There is something irresistible about the ugly duckling, even before its grand metamorphosis into (spoiler alert) an adult swan. He’s gangly, his feathers look weird, his proportions are off, and every other animal he encounters on his journey notices this and comments on it. The moral of this beloved fairy tale is that beauty and its antithesis, ugliness, are meaningful only in context. The “ugly” duckling was just the victim of a temporary category error, he wasn’t actually ugly. 
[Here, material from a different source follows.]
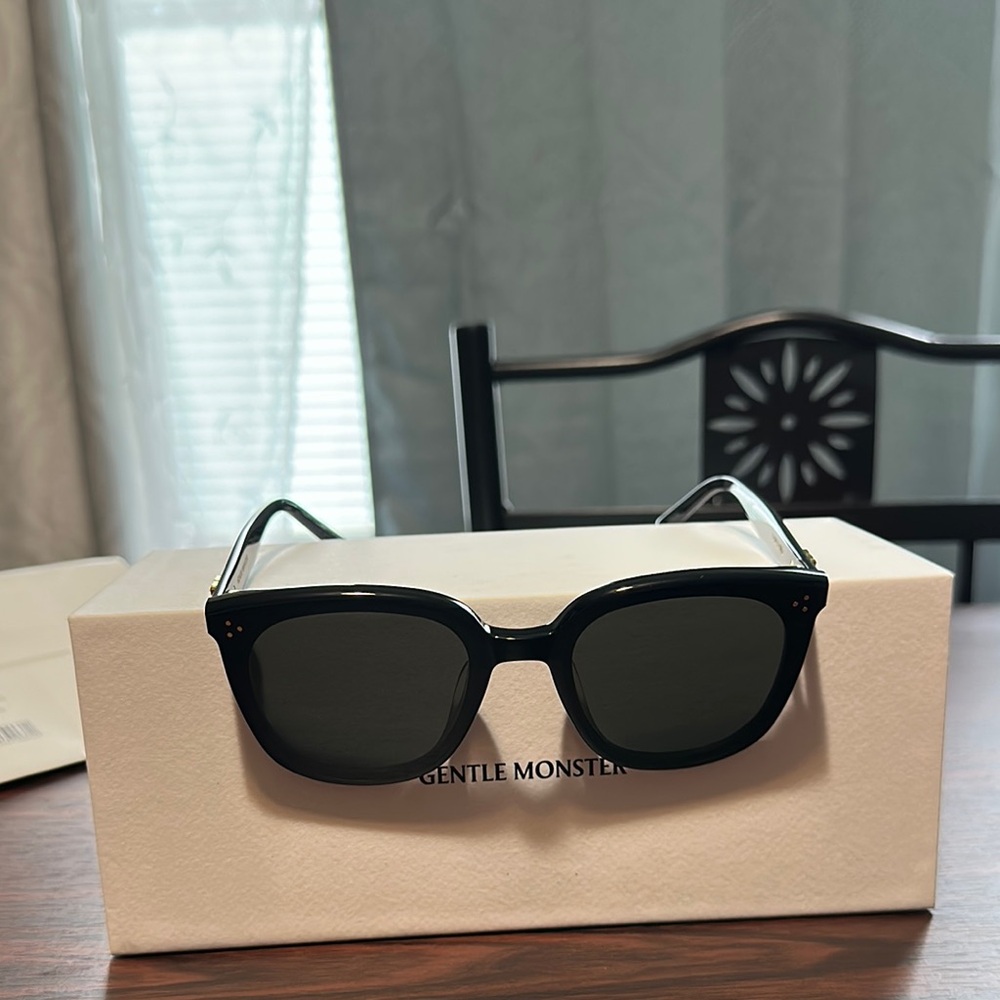 Brand New with Box, Paper Bag and Care Card. Gentle Monster Lady Lang.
It’s a question that’s plagued philosophers and artists for centuries: Is beauty really in the eye of the beholder? Two and a half centuries ago, the English artist, satirist, and social critic William Hogarth devoted an entire book, The Analysis of Beauty, to its study, delineating six elements that, together, created the right conditions for the ineffable quality to take shape: fitness, variety, uniformity, simplicity, intricacy, and quantity. That several of these qualities—variety and uniformity, for instance—are antithetical to one another suggests that Hogarth was concerned above all with harmony and balance: a little of this, not too much of that. 

These principles have worked their way around design throughout the ages, from the simple elegance of a Shaker chair to the just-right proportions of a Gio Ponti desk. But today, among aesthetes in interior design, furniture, fashion, and more, there’s currency in the objects that defy these rules. What are we to make of them?

Consider the English designer Faye Toogood’s recent exhibition at Friedman Benda, “Assemblage 7: Lost and Found,” which draws inspiration from an imagined archaeological dig. Works of mammoth furniture bearing clear evidence of hand-tooling have names like Barrow, Mound, Plot, and Cairn. For a viewer unaccustomed to furniture that looks like this, an internal dialogue not unlike the well-trod response of “my kid could do that” to a Jackson Pollock painting could ensue. Chances are most kids can’t do exactly that, and even if they could, the implication is that by definition kids lack the decades of skill that make an artisan a master.

Toogood’s three-dimensional works in this exhibition are made from oak, a signature material of both medieval and Arts and Crafts makers in Britain, and as the gallery notes, they look as though they’ve been excavated. Curator and critic Glenn Adamson, who contributed an essay to the 2022 monograph Faye Toogood : Drawing, Material, Sculpture, Landscape from Phaidon, tells AD PRO that these works “engage with materiality on its own terms, letting the wood assert itself in a semi-raw state. There’s an idea there of minimal transformation, just getting the material far enough to play the part of a functional object and no further.” They’re chunky, rounded, asymmetrical, and they sport tool marks that are the lasting trace of her every decision about the surface of each piece. Unskilled? Hardly, but there’s something rough about them that a Hogarth aficionado might find suspect.

Avery Trufelman, the host of Articles of Interest and a former member of the 99% Invisible team, knows that there are pockets of surprising beauty to be found in the prehistoric. In 2014 she produced a story about the humble Acheulean hand ax, which, at over a million years old, is arguably the first designed object on earth. Carefully chipped to form a palm-size object, it’s rough but recognizable as a cutting tool of some kind. Or is it? “The intriguing thing about it is that no one knows exactly what it was used for,” Trufelman says. “And I think that is part of what makes an object ‘ugly’: its lack of clarity, its muddled sense of purpose.” It may have been an all-purpose hand-tool; it could have been made primarily for display to suggest sophistication and prowess to a potential mate; it may have been designed as a throwing ax to subdue prey, and it might have been for something totally different.